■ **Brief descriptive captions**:
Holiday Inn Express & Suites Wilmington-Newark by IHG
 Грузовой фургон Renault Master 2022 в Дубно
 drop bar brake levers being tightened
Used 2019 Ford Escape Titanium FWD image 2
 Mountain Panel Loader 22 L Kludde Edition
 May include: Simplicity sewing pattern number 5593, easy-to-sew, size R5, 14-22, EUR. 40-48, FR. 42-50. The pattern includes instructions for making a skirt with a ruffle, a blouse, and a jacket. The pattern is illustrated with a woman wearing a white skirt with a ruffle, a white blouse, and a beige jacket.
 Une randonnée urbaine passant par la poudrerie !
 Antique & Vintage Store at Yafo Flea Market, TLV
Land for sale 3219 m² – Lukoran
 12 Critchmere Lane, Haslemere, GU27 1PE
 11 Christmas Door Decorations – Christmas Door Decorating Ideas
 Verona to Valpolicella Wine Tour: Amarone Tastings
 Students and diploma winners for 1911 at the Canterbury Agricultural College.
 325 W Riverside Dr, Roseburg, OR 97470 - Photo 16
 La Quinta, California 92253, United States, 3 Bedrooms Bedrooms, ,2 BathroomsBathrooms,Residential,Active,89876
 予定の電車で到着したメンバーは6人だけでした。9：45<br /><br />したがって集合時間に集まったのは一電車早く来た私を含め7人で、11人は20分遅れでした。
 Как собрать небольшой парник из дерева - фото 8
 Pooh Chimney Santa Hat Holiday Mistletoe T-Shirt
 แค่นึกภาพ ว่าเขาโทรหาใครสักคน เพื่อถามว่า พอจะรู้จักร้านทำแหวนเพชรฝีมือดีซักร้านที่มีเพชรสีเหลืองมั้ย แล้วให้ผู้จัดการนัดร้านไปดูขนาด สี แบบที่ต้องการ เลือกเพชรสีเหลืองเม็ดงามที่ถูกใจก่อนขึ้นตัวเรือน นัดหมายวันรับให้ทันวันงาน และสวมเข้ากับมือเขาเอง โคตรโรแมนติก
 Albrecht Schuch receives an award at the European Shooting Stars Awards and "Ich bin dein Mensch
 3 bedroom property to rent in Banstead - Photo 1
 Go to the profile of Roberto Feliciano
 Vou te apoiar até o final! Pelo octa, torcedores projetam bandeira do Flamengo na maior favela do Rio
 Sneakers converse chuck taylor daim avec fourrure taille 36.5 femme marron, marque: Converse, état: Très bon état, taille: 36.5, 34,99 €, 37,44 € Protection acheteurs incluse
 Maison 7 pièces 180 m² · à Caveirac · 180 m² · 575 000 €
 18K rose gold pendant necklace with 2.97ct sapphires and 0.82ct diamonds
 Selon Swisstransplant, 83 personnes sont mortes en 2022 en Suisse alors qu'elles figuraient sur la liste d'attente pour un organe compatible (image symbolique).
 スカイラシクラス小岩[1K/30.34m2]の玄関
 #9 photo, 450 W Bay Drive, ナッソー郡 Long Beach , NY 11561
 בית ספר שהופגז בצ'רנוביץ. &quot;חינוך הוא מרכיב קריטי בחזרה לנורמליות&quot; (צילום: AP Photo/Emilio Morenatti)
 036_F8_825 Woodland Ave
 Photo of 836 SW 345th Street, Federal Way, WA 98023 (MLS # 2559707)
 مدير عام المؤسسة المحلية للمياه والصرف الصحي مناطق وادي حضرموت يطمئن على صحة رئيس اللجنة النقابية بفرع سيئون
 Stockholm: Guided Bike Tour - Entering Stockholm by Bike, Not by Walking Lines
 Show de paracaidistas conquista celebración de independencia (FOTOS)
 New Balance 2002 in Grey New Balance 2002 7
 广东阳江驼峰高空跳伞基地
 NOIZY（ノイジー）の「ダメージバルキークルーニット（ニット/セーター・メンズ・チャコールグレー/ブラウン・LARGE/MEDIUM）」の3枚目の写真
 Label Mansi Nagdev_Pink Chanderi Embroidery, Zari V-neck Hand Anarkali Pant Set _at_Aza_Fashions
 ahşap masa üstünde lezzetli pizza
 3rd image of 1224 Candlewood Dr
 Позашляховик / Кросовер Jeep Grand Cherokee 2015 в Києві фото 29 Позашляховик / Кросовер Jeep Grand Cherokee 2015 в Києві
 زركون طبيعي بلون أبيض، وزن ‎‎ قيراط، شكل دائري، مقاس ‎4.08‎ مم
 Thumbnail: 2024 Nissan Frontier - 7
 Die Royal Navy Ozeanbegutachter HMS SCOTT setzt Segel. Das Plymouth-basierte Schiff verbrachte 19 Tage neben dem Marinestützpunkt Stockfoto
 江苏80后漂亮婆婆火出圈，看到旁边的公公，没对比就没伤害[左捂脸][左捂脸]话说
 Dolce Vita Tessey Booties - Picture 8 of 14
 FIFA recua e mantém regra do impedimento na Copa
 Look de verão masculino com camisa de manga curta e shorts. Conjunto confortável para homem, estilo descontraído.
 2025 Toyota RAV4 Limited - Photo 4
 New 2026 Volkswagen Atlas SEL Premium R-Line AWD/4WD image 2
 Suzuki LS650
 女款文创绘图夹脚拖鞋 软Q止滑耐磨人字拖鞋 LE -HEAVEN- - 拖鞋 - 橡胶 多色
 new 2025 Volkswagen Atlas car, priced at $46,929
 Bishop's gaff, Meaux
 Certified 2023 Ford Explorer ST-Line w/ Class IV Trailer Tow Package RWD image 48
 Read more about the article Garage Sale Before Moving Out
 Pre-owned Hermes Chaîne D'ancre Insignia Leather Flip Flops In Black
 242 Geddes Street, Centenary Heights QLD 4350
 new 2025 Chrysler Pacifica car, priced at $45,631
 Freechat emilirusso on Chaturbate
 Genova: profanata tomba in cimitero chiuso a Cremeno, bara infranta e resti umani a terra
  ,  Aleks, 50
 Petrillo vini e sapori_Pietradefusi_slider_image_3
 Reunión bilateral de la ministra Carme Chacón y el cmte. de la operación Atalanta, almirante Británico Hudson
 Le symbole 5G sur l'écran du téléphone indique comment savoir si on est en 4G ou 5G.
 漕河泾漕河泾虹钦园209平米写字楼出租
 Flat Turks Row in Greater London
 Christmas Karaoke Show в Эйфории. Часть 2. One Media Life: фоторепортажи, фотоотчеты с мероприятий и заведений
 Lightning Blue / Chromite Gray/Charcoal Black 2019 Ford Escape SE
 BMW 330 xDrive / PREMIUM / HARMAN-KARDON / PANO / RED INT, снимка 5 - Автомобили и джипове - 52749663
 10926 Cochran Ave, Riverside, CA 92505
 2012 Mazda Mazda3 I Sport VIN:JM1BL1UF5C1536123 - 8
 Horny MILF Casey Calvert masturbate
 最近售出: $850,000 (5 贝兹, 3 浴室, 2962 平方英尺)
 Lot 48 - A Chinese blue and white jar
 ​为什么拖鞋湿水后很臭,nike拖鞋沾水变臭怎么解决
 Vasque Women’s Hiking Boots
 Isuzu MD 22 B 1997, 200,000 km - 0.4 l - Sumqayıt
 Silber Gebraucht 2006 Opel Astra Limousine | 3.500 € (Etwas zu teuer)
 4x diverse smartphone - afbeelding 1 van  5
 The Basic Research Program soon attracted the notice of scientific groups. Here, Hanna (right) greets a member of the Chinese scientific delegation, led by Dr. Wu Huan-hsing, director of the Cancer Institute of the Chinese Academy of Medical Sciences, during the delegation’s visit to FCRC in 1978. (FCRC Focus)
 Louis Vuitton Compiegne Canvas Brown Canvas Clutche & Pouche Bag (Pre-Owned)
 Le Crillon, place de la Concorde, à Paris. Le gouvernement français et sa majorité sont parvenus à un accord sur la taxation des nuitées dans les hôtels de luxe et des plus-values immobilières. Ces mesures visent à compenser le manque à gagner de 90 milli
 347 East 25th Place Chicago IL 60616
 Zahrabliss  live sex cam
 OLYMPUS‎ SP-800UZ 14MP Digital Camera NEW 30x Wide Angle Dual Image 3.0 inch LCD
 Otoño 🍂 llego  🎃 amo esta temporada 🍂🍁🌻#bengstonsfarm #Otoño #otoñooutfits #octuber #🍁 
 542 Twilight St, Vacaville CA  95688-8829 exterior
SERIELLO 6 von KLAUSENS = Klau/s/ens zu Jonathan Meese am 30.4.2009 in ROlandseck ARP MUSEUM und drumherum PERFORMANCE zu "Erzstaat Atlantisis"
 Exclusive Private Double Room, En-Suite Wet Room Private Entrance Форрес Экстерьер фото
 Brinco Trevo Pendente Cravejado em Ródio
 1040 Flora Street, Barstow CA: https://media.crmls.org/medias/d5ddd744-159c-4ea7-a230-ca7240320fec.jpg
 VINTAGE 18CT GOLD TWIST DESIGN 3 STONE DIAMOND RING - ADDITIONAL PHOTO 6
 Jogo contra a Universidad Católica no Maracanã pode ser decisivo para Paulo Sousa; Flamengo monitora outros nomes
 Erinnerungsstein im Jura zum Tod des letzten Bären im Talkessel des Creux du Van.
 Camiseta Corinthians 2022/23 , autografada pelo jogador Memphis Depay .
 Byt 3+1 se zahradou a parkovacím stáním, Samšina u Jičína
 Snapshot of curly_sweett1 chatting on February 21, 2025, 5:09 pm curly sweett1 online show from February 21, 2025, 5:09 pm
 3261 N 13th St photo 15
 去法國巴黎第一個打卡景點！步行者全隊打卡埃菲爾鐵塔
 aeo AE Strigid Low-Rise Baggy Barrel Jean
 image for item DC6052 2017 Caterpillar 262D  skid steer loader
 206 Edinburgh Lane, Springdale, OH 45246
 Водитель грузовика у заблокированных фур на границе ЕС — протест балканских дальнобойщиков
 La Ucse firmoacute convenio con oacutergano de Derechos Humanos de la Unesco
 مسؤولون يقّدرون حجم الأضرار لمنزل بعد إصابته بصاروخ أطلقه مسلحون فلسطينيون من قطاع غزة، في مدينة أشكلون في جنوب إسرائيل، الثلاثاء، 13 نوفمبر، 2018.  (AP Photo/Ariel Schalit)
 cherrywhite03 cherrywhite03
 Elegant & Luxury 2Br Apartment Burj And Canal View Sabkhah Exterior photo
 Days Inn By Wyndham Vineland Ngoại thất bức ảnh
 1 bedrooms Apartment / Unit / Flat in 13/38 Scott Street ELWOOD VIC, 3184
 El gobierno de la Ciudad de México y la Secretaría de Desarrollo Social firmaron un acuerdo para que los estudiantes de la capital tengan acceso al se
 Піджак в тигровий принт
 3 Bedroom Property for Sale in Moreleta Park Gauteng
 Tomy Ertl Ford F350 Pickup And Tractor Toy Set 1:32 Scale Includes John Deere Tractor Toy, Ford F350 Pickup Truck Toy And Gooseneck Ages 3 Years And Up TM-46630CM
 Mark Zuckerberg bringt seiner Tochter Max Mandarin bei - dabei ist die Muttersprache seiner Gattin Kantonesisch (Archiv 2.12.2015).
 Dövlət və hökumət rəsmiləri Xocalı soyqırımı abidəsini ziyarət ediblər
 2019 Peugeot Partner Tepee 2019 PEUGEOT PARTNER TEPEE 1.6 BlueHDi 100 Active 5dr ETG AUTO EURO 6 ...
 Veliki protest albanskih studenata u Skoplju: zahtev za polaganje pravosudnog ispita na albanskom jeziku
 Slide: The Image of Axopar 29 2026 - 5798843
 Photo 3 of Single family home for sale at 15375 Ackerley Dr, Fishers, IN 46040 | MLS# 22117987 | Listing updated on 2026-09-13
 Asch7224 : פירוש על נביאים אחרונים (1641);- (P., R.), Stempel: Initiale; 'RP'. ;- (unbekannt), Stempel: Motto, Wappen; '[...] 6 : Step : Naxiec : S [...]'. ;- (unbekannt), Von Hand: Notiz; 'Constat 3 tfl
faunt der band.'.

■ **GOAL OF THE EXERCISE**: In the entries above, find the line containing "Tomy Ertl Ford". Set down that line and every line after it through the last one, exactly and alone.

■ **WRITTEN RESPONSE**:
 Tomy Ertl Ford F350 Pickup And Tractor Toy Set 1:32 Scale Includes John Deere Tractor Toy, Ford F350 Pickup Truck Toy And Gooseneck Ages 3 Years And Up TM-46630CM
 Mark Zuckerberg bringt seiner Tochter Max Mandarin bei - dabei ist die Muttersprache seiner Gattin Kantonesisch (Archiv 2.12.2015).
 Dövlət və hökumət rəsmiləri Xocalı soyqırımı abidəsini ziyarət ediblər
 2019 Peugeot Partner Tepee 2019 PEUGEOT PARTNER TEPEE 1.6 BlueHDi 100 Active 5dr ETG AUTO EURO 6 ...
 Veliki protest albanskih studenata u Skoplju: zahtev za polaganje pravosudnog ispita na albanskom jeziku
 Slide: The Image of Axopar 29 2026 - 5798843
 Photo 3 of Single family home for sale at 15375 Ackerley Dr, Fishers, IN 46040 | MLS# 22117987 | Listing updated on 2026-09-13
 Asch7224 : פירוש על נביאים אחרונים (1641);- (P., R.), Stempel: Initiale; 'RP'. ;- (unbekannt), Stempel: Motto, Wappen; '[...] 6 : Step : Naxiec : S [...]'. ;- (unbekannt), Von Hand: Notiz; 'Constat 3 tfl
faunt der band.'.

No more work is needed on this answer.